— Task prompt —
In the copy, keep every line below as it is and leave out the pictures.

— Data listing —
__________

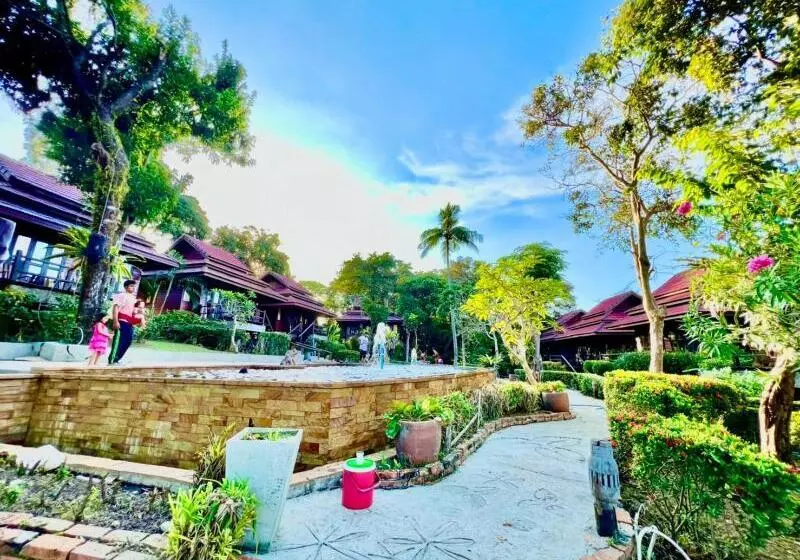 Fotos del hotel Baan Laanta Resort & Spa  Sha Plus:  8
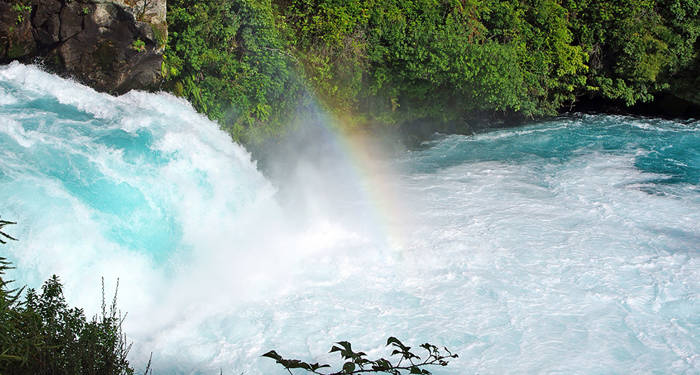 Een magisch plaatje met de regenboos over Huka falls in Nieuw-Zeeland | KILROY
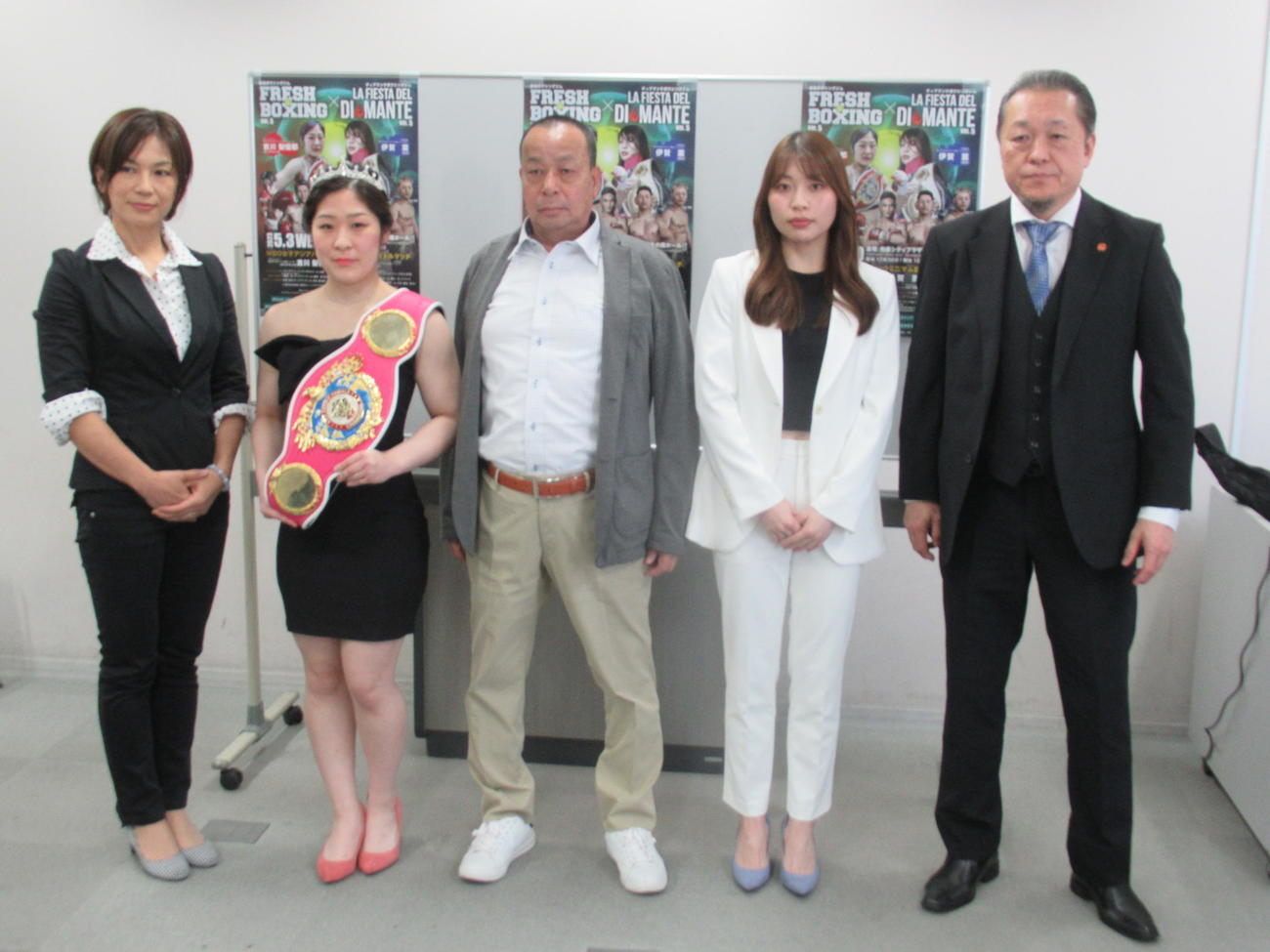 5・3興行を発表した泉北ジムの大杉会長（中央）と左から野上会長、王者吉川、1人おいて挑戦者の伊賀、山下会長（撮影・実藤健一）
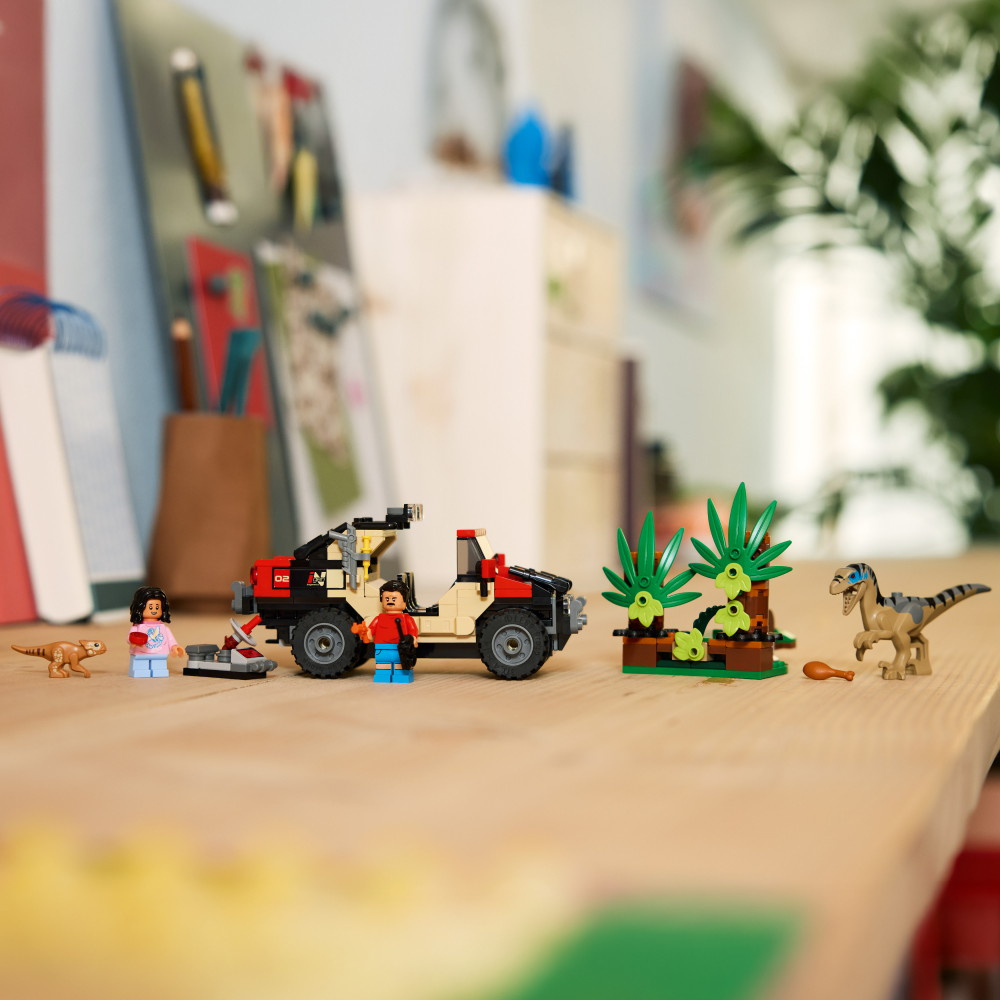 LEGO Jurassic World - Offroad-flugt fra raptor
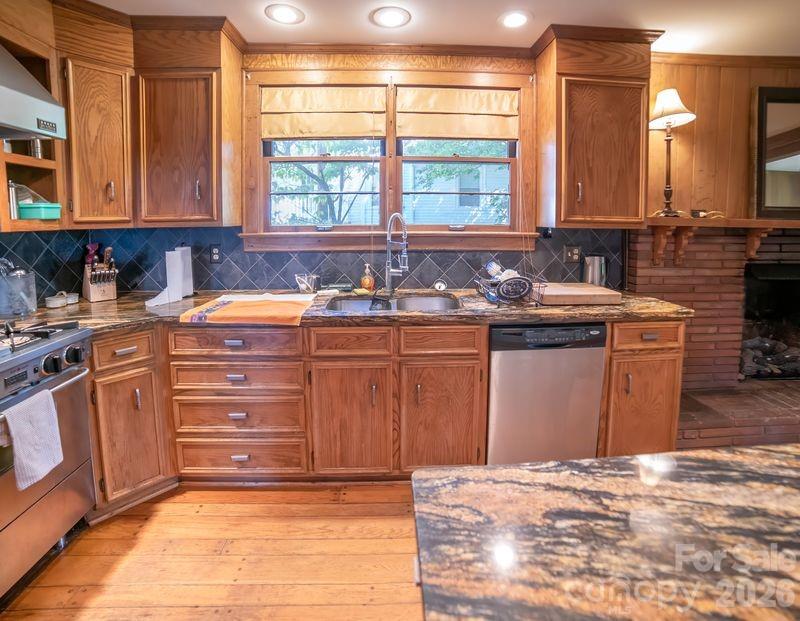 108 Beall Street Property Photo 10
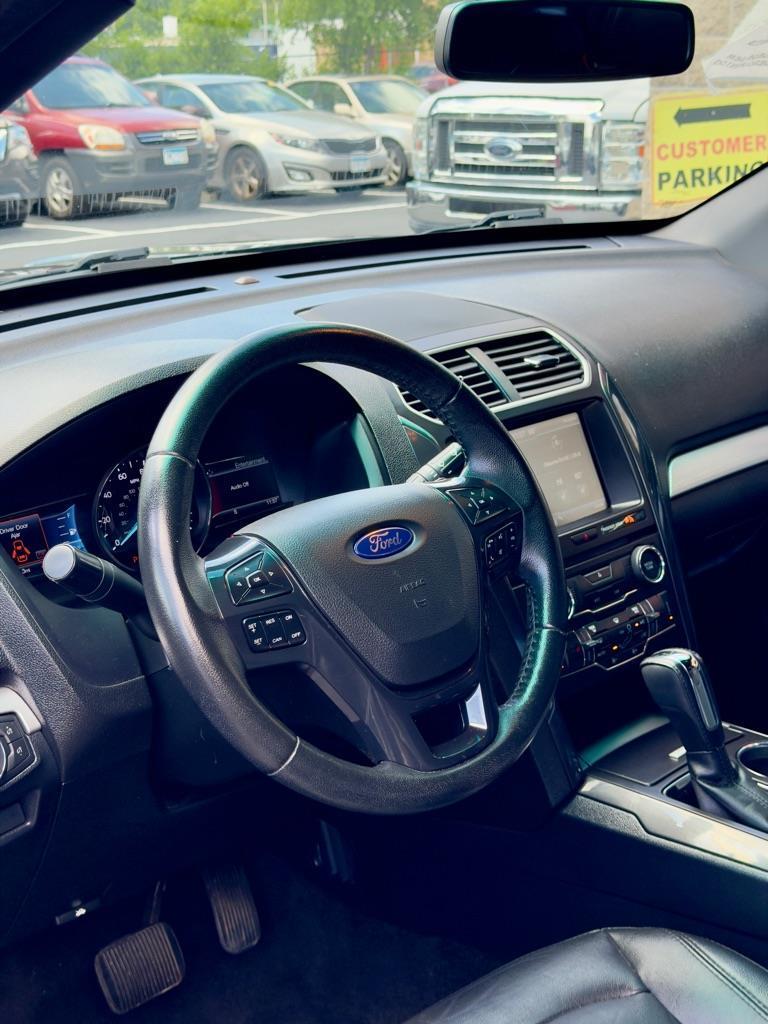 Ford Explorer XLT 4WD 2016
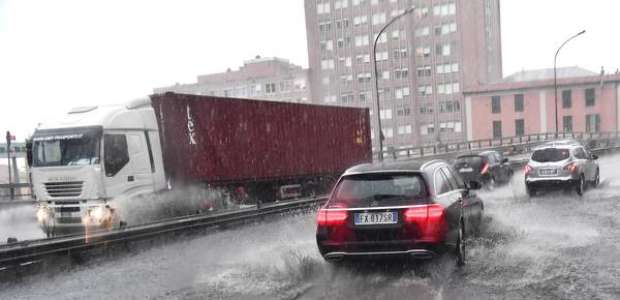 Mau tempo provoca ondas de 7 metros de altura no mar da ...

__________

— Exercise solution —
 Fotos del hotel Baan Laanta Resort & Spa  Sha Plus:  8
 Een magisch plaatje met de regenboos over Huka falls in Nieuw-Zeeland | KILROY
 5・3興行を発表した泉北ジムの大杉会長（中央）と左から野上会長、王者吉川、1人おいて挑戦者の伊賀、山下会長（撮影・実藤健一）
 LEGO Jurassic World - Offroad-flugt fra raptor
 108 Beall Street Property Photo 10
 Ford Explorer XLT 4WD 2016
 Mau tempo provoca ondas de 7 metros de altura no mar da ...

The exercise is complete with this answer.